Lunedì 17 ottobre, una mattina di una bella giornata di sole. Per la Fondazione, un momento davvero speciale: i corridoi del Faro erano infatti pieni di voci e colori, quelli dei tanti ragazzi - 56 per l’esattezza - che da ieri hanno iniziato a frequentare le lezioni dei quattro nuovi corsi dell’ultima sessione del 2011. Un bel gruppo formato da tanti aspiranti pasticceri, acconciatori, saldatori, cui da quest’anno si è aggiunta, per la prima volta, la “squadra” degli installatori di impianti e infissi.

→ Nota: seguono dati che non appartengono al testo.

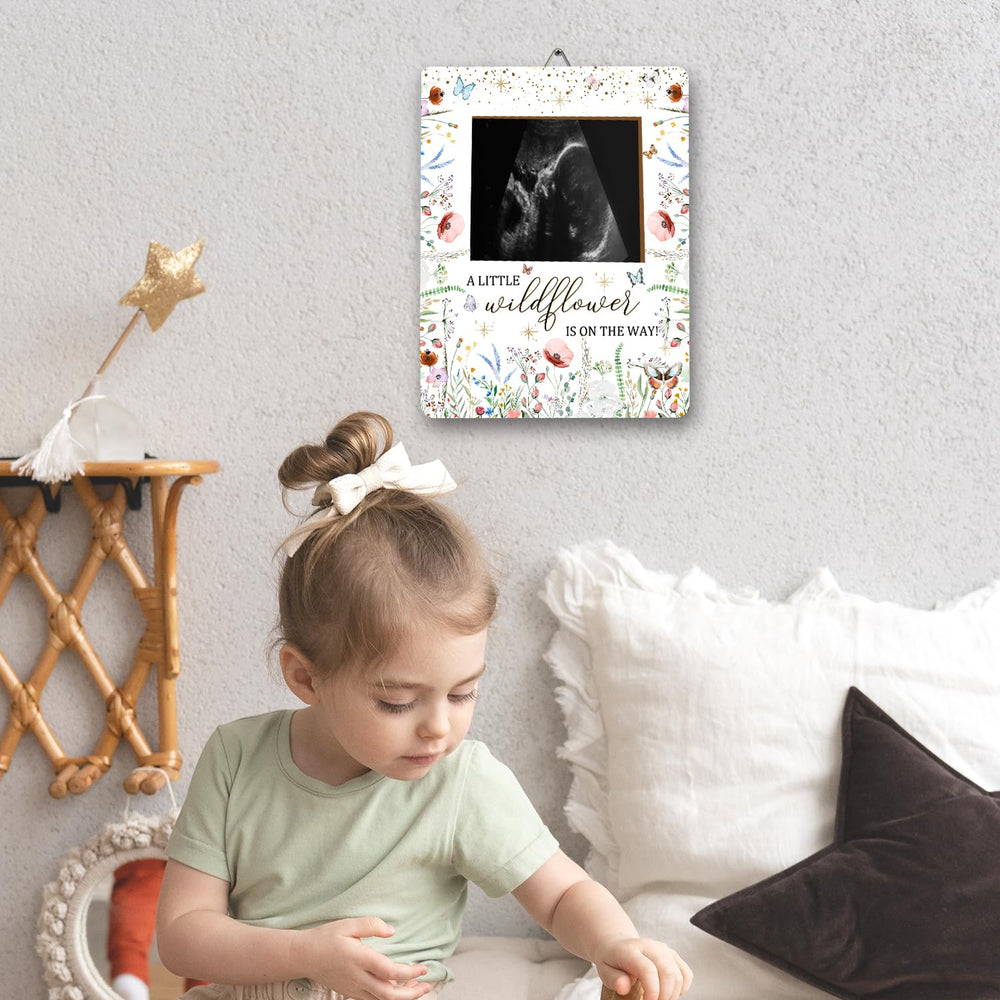 ALodr Wildflower design Winnie and friends adds whimsy for celebrations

Il momento iniziale è sempre il più difficile, si sa: l’imbarazzo di trovarsi in un posto nuovo, in mezzo a tanti visi ancora sconosciuti, la curiosità mista a timore per l’avventura da intraprendere (“riuscirò a seguire il corso? Come mi troverò con i miei compagni?”), la preoccupazione talvolta di non padroneggiare alla perfezione la lingua italiana, un certo spaesamento indistinto...

Alle 9 in punto però tutti si sono ritrovati – insieme - nella grande sala cinema al pianoterra: allievi, docenti, tutor e staff del Faro. Un primo passo di avvicinamento.
Il direttore Gianni Del Bufalo, nel dare il benvenuto ai nuovi arrivati, ha ricordato loro “la responsabilità in più” cui sono stati chiamati, quella di “non sprecare questa opportunità”. Un invito forte all’impegno e quasi una manifestazione di lealtà nei confronti dei tanti ragazzi che questa volta non sono riusciti a superare le selezioni di ammissione ai corsi.

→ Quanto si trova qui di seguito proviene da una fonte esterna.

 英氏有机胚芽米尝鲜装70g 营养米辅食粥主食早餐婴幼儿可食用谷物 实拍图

Ma chi sono oggi gli allievi del Faro? Giovani provenienti dai quartieri di Roma, certo. Ma anche dalla Tunisia, dalla Costa d’Avorio, dall’Ucraina, dal Perù, dalla Nigeria... Tutti approdati nei laboratori di via Virginia Agnelli per imprimere una svolta alla propria vita e trovare una nuova motivazione. Un lavoro finalmente qualificante e in regola, l’indipendenza economica, magari un giorno la possibilità di “metter su casa”.

Saranno stati questi i pensieri rimasti a fior di labbra dei tanti visi assorti, mentre il responsabile didattico Massimo Biagiotti Lena presentava gli obiettivi dei corsi? È molto probabile, se alla domanda della tutor Michela Arioni “chi ha qualcosa da chiedere?”, a parte gli indispensabili quesiti relativi all’organizzazione, è risuonata decisa in sala la risposta “quann’è che iniziamo?”.

Il Faro allora non può che stringersi ai suoi ragazzi in un augurio di “buona partenza”. Perché la sfida iniziata ieri è tra le più belle - e faticose – che ci sia dato di sperimentare: cercare la propria strada, mettendosi in gioco con tutto l’impegno e la dedizione possibili.
E questo sarà il successo più grande che il Faro, ancor prima dell’attestato finale o dello stesso posto di lavoro, potrà garantire ai suoi allievi. Un risultato che durerà ben oltre il 22 dicembre, giorno di chiusura dei corsi.
Perché, passo dopo passo, si continua a cercare la direzione giusta ogni giorno della vita. Con una simile consapevolezza, i risultati più concreti non tarderanno ad arrivare e, come si diceva una volta, saranno dati “per sovrabbondanza”.